Handle tag validation according to its white list group
authorJuliana Rodrigueiro <juliana.rodrigueiro@intra2net.com>
Wed, 19 Sep 2018 15:03:24 +0000 (17:03 +0200)
committerJuliana Rodrigueiro <juliana.rodrigueiro@intra2net.com>
Wed, 19 Sep 2018 15:49:34 +0000 (17:49 +0200)
Make the whole validation process dependent of the group type
and not of specific tags and their particularities.

src/restricted_html.cpp

index 0aeab2d..ee91156 100644 (file)
@@ -92,6 +92,157 @@ const pcrecpp::RE SAFE_URL("^(http(s?):\\/\\/)(([a-zA-Z0-9\\.\\-\\_]+(\\.[a-zA-"
 
 } // eo namespace <anonymous>
 
+template < typename CONT >
+bool is_contained(const string &name, const CONT &container)
+{
+    return container.find(name) != container.end();
+}
+
+class HtmlTag
+{
+private:
+    const string FullTag;
+    string Name;
+    string Attributes;
+    bool IsAllowed;
+
+    /**
+    * @brief Checks if this fits in one of the three groups of white-listed
+    * tags and populate private variables on the way.
+    *
+    * @return bool True if tag and its attributes are valid.
+    */
+    bool process_tag()
+    {
+        string name = FullTag;
+
+        if (is_end_tag())
+            name = remove_prefix(name, "</");
+        else
+            name = remove_prefix(name, "<");
+
+        // Spaces after "<" or "</" are invalid.
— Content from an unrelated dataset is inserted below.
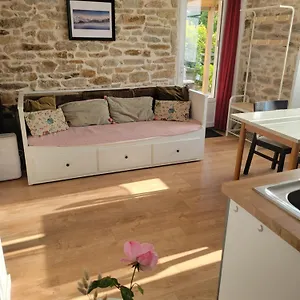 https://superbe-studio-entirement-neuf.inbrittany.com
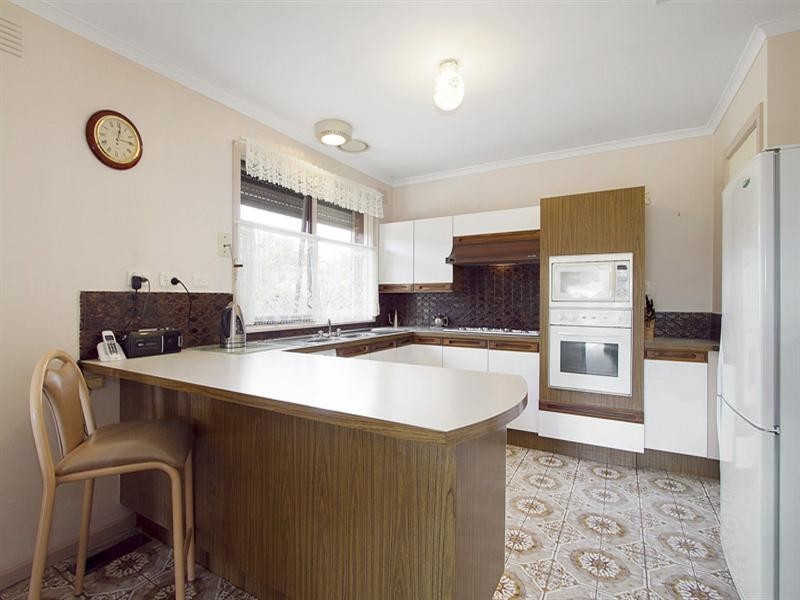 16 Mullens Road, Vermont South VIC 3133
+        if (name.substr(0,1).find_first_of(I2n::Whitespaces) != string::npos)
+            return false;
+
+        to_lower_mod(name);
+
+        // If this tag has the self-closing notation, it must be contained in
+        // the allowed void tags list.
+        if (has_suffix(FullTag, "/>"))
+        {
+            name = remove_suffix(name, "/>");
+            trim_mod(name);
+
+            if (is_contained(name, ALLOWED_VOID))
+            {
+                Name = name;
+                return true;
+            }
+
+            return false;
+        }
+
+        name = remove_suffix(name, ">");
+        trim_mod(name);
+
+        // Try to match any allowed tag.
+        if (is_contained(name, ALLOWED_NORMAL)
+            || is_contained(name, ALLOWED_VOID)
+            || is_contained(name, ALLOWED_WITH_ATTR))
+        {
+            Name = name;
+            return true;
+        }
+
+        // It may be a tag with attributes which requires special handling.
+        string tmp_name, tmp_attr;
+        if (!pair_split(name, tmp_name, tmp_attr, ' '))
+            return false;
+
+        // But end tags should not have attributes.
+        if (is_end_tag())
+            return false;
+
+        if (!is_contained(tmp_name, ALLOWED_WITH_ATTR))
+            return false;
+
+        Name = tmp_name;
+
+        // The tag is contained in the allowed tags list, but all attributes
+        // and their content should also be allowed and valid.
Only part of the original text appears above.